Résumé : 19-04-02-03 Par sa décision n° 2016-614 QPC du 1er mars 2017, le Conseil constitutionnel a jugé que les dispositions du second alinéa du 3 de l'article 123 bis du code général des impôts (CGI), dans sa version issue de la loi n° 2009-1674 du 30 décembre 2009, ne sauraient, sans porter une atteinte disproportionnée au principe d'égalité devant les charges publiques, faire obstacle à ce que le contribuable puisse être autorisé à apporter la preuve que le revenu réellement perçu par l'intermédiaire de l'entité juridique est inférieur au revenu défini forfaitairement en application de ces dispositions, et ne les a déclarées conformes à la Constitution que sous cette réserve.
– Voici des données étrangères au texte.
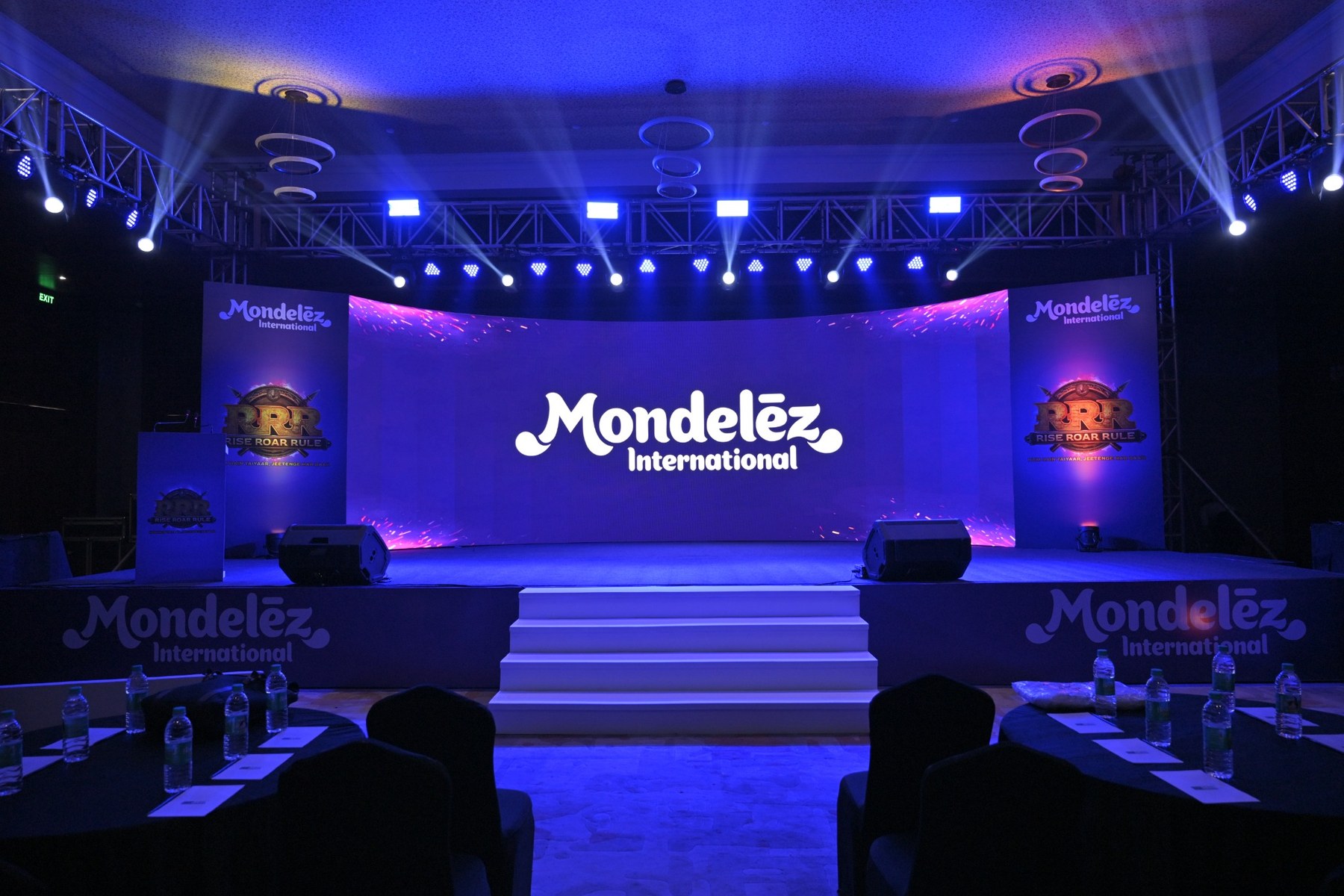 Branded stage setup for a corporate event executed by The Brand Buddies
Il y a, dès lors, lieu de considérer que la version initiale de cet alinéa, issue de la loi n° 98-1266 du 30 décembre 1998 et applicable au présent litige, similaire dans sa substance à celle sur laquelle le Conseil constitutionnel s'est prononcé dans sa décision du 1er mars 2017, doit être interprétée suivant la même réserve.... ...Il en résulte que, dès lors que les requérants soutenaient que la société holding luxembourgeoise avait réalisé un résultat déficitaire au cours des années litigieuses, il appartenait à la cour administrative d'appel de rechercher s'ils établissaient l'existence de ce déficit et si, par suite, le revenu réputé perçu par l'intermédiaire de cette société était inférieur au revenu défini forfaitairement en application de ces dispositions.... ...Ainsi, la cour administrative d'appel commet une erreur de droit en jugeant que l'administration était fondée, pour le calcul de l'imposition due au titre des dispositions de l'article 123 bis du CGI, à faire application des dispositions du second alinéa de son 3 au seul motif que le Luxembourg n'avait pas conclu de convention d'assistance administrative avec la France.
54-10 Par sa décision n° 2016-614 QPC du 1er mars 2017, le Conseil constitutionnel a jugé que les dispositions du second alinéa du 3 de l'article 123 bis du code général des impôts (CGI), dans sa version issue de la loi n° 2009-1674 du 30 décembre 2009, ne sauraient, sans porter une atteinte disproportionnée au principe d'égalité devant les charges publiques, faire obstacle à ce que le contribuable puisse être autorisé à apporter la preuve que le revenu réellement perçu par l'intermédiaire de l'entité juridique est inférieur au revenu défini forfaitairement en application de ces dispositions, et ne les a déclarées conformes à la Constitution que sous cette réserve. Il y a, dès lors, lieu de considérer que la version initiale de cet alinéa, issue de la loi n° 98-1266 du 30 décembre 1998 et applicable au présent litige, similaire dans sa substance à celle sur laquelle le Conseil constitutionnel s'est prononcé dans sa décision du 1er mars 2017, doit être interprétée suivant la même réserve.



[RJ1] Cf. CE, 7 juillet 2017, M. et Mme Nabitz, n° 410620, T. p. 777. Rappr., s'agissant d'une déclaration d'inconstitutionnalité, CE, 16 janvier 2015, Société Métropole Télévision, n° 386031, p. 1.